Your objective →
Where does the word "Chihuahua" occur in the material? Copy each line that has it.

Information provided →
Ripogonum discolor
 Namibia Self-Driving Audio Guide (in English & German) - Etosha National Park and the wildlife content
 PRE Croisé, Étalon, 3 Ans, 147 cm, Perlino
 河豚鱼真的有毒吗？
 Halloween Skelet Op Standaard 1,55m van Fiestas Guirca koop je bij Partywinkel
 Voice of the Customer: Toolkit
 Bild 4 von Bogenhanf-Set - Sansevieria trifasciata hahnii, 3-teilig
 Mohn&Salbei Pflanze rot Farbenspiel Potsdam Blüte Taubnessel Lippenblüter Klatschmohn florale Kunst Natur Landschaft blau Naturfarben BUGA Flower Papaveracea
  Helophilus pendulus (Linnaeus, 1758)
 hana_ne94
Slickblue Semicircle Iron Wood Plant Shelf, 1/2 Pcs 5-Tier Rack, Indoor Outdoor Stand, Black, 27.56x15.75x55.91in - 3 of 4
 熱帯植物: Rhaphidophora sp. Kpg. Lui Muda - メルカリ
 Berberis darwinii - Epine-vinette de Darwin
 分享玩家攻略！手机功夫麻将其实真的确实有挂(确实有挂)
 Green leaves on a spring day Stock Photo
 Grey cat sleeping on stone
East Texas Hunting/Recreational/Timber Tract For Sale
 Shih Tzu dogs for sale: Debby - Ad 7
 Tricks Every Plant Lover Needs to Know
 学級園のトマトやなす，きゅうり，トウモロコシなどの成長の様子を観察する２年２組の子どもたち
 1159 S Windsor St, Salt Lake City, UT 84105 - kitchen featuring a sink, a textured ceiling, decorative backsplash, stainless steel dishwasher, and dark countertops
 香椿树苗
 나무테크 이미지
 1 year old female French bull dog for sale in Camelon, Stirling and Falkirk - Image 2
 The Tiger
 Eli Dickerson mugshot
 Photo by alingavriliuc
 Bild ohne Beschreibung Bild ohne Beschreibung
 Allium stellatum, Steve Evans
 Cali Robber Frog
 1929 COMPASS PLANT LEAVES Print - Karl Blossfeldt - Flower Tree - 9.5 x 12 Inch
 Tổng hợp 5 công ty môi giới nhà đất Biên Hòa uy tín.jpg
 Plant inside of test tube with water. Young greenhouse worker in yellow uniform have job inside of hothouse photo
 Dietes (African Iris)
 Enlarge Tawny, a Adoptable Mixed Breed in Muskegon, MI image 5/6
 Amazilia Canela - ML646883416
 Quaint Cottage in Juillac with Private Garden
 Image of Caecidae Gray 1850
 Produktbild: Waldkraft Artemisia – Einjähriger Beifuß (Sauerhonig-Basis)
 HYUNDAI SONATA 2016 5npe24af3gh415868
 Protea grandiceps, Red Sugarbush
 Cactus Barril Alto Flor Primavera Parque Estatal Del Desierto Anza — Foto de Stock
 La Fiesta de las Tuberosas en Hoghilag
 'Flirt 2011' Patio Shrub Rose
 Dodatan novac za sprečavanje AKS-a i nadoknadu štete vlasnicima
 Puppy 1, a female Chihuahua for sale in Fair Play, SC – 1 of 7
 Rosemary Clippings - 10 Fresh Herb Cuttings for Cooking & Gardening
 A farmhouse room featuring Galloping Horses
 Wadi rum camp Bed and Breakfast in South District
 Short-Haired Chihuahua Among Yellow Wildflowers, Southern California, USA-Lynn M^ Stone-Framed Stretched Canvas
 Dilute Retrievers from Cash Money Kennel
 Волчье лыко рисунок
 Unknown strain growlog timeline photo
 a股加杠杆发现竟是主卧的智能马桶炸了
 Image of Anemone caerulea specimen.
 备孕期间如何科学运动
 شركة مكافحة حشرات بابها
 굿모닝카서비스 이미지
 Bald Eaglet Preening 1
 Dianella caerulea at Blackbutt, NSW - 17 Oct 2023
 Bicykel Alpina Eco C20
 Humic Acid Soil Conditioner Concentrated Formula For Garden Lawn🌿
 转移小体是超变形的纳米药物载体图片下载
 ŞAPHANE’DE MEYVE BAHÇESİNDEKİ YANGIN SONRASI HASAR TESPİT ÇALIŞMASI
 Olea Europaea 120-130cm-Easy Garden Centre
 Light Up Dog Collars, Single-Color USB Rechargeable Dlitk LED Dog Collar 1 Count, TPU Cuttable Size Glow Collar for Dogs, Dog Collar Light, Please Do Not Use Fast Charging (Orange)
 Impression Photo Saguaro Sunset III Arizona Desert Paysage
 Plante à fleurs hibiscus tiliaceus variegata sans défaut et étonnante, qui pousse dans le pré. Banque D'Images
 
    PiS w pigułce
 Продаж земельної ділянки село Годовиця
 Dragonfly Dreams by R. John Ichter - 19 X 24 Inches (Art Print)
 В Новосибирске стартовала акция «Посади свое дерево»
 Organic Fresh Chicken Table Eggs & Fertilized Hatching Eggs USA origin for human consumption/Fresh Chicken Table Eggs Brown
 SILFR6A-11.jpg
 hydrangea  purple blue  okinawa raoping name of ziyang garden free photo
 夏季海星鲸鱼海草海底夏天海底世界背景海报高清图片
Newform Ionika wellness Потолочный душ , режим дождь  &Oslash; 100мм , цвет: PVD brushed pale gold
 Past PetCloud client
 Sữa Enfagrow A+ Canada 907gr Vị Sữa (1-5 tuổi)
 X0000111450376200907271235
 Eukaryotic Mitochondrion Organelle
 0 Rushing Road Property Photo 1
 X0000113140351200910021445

The completed task →
 Puppy 1, a female Chihuahua for sale in Fair Play, SC – 1 of 7
 Short-Haired Chihuahua Among Yellow Wildflowers, Southern California, USA-Lynn M^ Stone-Framed Stretched Canvas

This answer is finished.